布そのものが空を舞い、新しい形態へと変容。
一反木綿は、夜空を滑るように現れ、布の姿で人にまとわりつくと語られる妖怪である。
風に乗り、ひらりと舞い、捕らえようとすればするほど、その姿はほどけ、形を変えていく。
この作品は、「布そのものが生きる」という発想から生まれた。
三枚の着物を切り、ひも状にし、それらを編み合わせることで、一枚の布を、再び“動く存在”として立ち上げている。
切ることは終わりではなく、新たな運動と構造を生み出すための始まりである。
セットアップドレスとして構成された外側の編みは、風を含み、身体の動きに応じて揺れ、ほどけ、重なり合う。
それは、一反木綿が夜空を泳ぐような、軽やかで捕らえどころのない存在感を映し出す。
インナーには、羽二重の黒無地の着物、そして黒に赤い花紋様を織り込んだ銘仙を用い、キャミソールワンピースとして仕立てた。
静かな黒の層の内側に、密やかに浮かび上がる赤は、布の奥に潜む気配と、物語の熱を象徴している。
このドレスは、布が妖怪となり、妖怪が衣服となる境界に立つ作品である。
ほどかれ、編まれ、再び纏われることで、一反木綿という存在は、現代の身体の上に、新たな命を得る。
10. ぬらりひょん — 帯アップサイクルドレス

曖昧で掴みどころのない“影の主”。
妖怪の総大将とされる「ぬらりひょん」を、威厳と上品さを併せ持つ存在として再解釈したセットアップ作品。
江戸時代の絵巻物に描かれるぬらりひょんは、恐ろしさよりも、どこか余裕と品格を感じさせる姿で表現されている。

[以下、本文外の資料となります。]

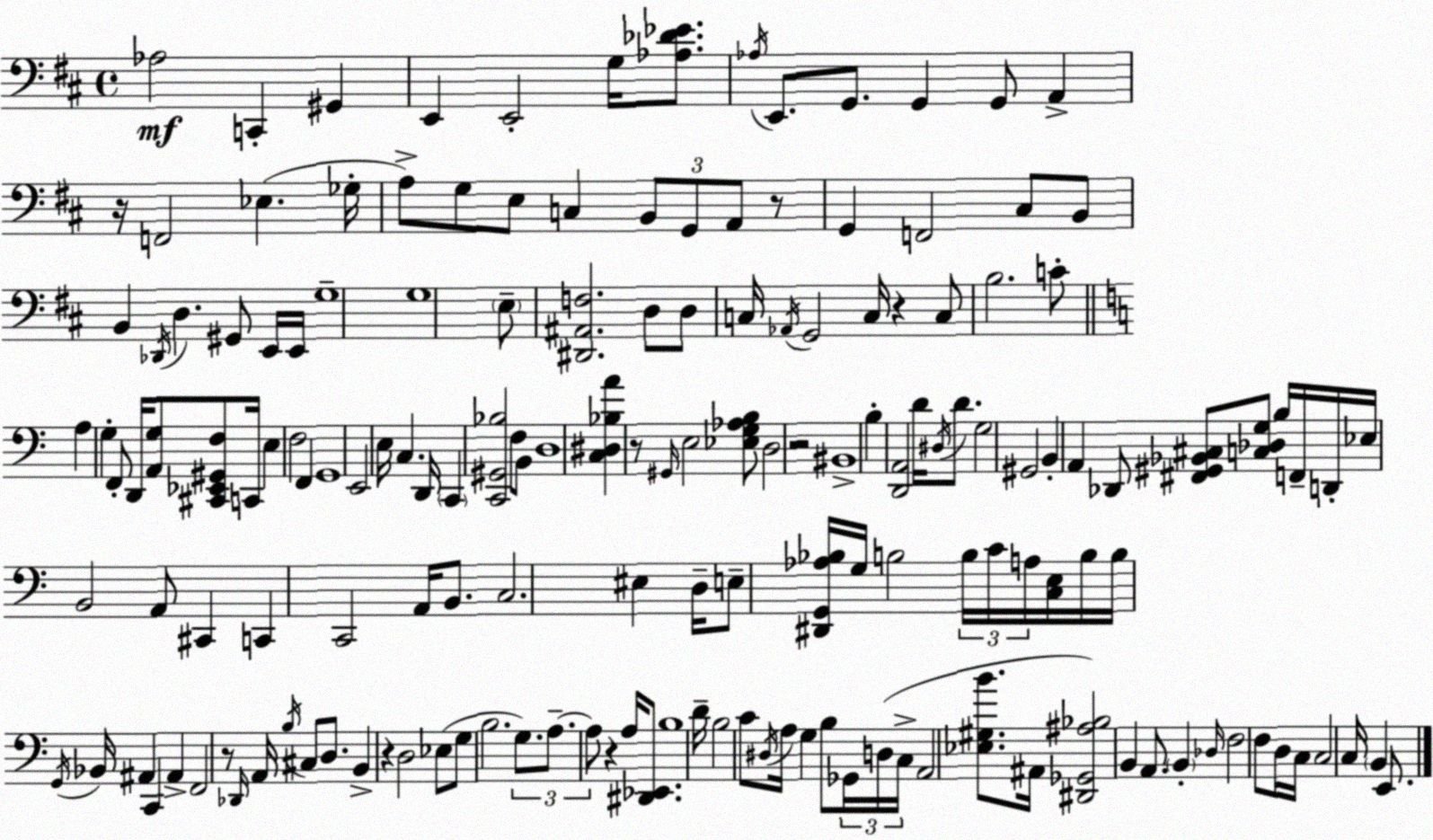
X:1
T:Untitled
M:4/4
L:1/4
K:D
_A,2 C,, ^G,, E,, E,,2 G,/4 [_A,_D_E]/2 _A,/4 E,,/2 G,,/2 G,, G,,/2 A,, z/4 F,,2 _E, _G,/4 A,/2 G,/2 E,/2 C, B,,/2 G,,/2 A,,/2 z/2 G,, F,,2 ^C,/2 B,,/2 B,, _D,,/4 D, ^G,,/2 E,,/4 E,,/4 G,4 G,4 E,/2 [^D,,^A,,F,]2 D,/2 D,/2 C,/4 _A,,/4 G,,2 C,/4 z C,/2 B,2 C/2 A, G, F,,/2 D,,/4 [A,,G,]/2 [^C,,_E,,^G,,F,]/2 C,,/4 E, F,2 F,, G,,4 E,,2 E,/4 C, D,,/4 C,, [C,,^G,,_B,]2 F,/2 B,,/2 D,4 [C,^D,_B,A] z/2 ^G,,/4 E,2 [_E,G,_A,B,]/2 D,2 z2 ^B,,4 B, [D,,A,,]2 D/4 ^D,/4 D/2 G,2 ^G,,2 B,, A,, _D,,/2 [^F,,^G,,_B,,^C,]/2 [C,_D,G,]/2 B,/4 F,,/4 D,,/4 _E,/4 B,,2 A,,/2 ^C,, C,, C,,2 A,,/4 B,,/2 C,2 ^E, D,/4 E,/2 [^D,,G,,_A,_B,]/4 G,/4 B,2 B,/4 C/4 A,/4 [C,E,]/4 B,/4 B,/4 G,,/4 _B,,/4 ^A,, C,, ^A,, F,,2 z/2 _D,,/4 A,,/4 B,/4 ^C,/2 D,/2 B,, z D,2 _E,/2 G,/2 B,2 G,/2 A,/2 A,/2 z A,/4 [^D,,_E,,]/2 B,4 D/4 B,2 C/2 ^D,/4 A,/4 G, B,/2 _G,,/4 D,/4 C,/4 A,,2 [_E,^G,B]/2 ^A,,/4 [^D,,_G,,^A,_B,]2 B,, A,,/2 B,, _D,/4 F,2 F,/2 D,/4 C,/4 C,2 C,/4 B,, E,,/2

本作ではそのイメージを、クラシックなジャケット、コルセット、パンツという現代のフォーマルウェアの構成に重ね合わせた。
帯地に織り込まれた金糸と、光琳百人一首の文様が生み出す格調高い表情は、妖怪の総大将としての存在感と、静かな威厳を纏うかのような佇まいを形づくっている。
「ぬらりひょん — セットアップ」は、妖怪と権威、そして装いの形式美が交差することで生まれた、現代における“支配と気配”をまとう作品である。
ジャケット・コルセット
金糸を織り込んだ帯地を使用。
光琳百人一首の文様が全通で織り込まれ、豪華でありながら、軽さと張りを併せ持つ質感。
格式と動きやすさを両立させた構造。
パンツ
紺の綸子地に桜文様が描かれた振袖を再構築。
落ち着いた地色に浮かぶ花意匠が、威厳の中にある華やぎと、静かな気配を添える。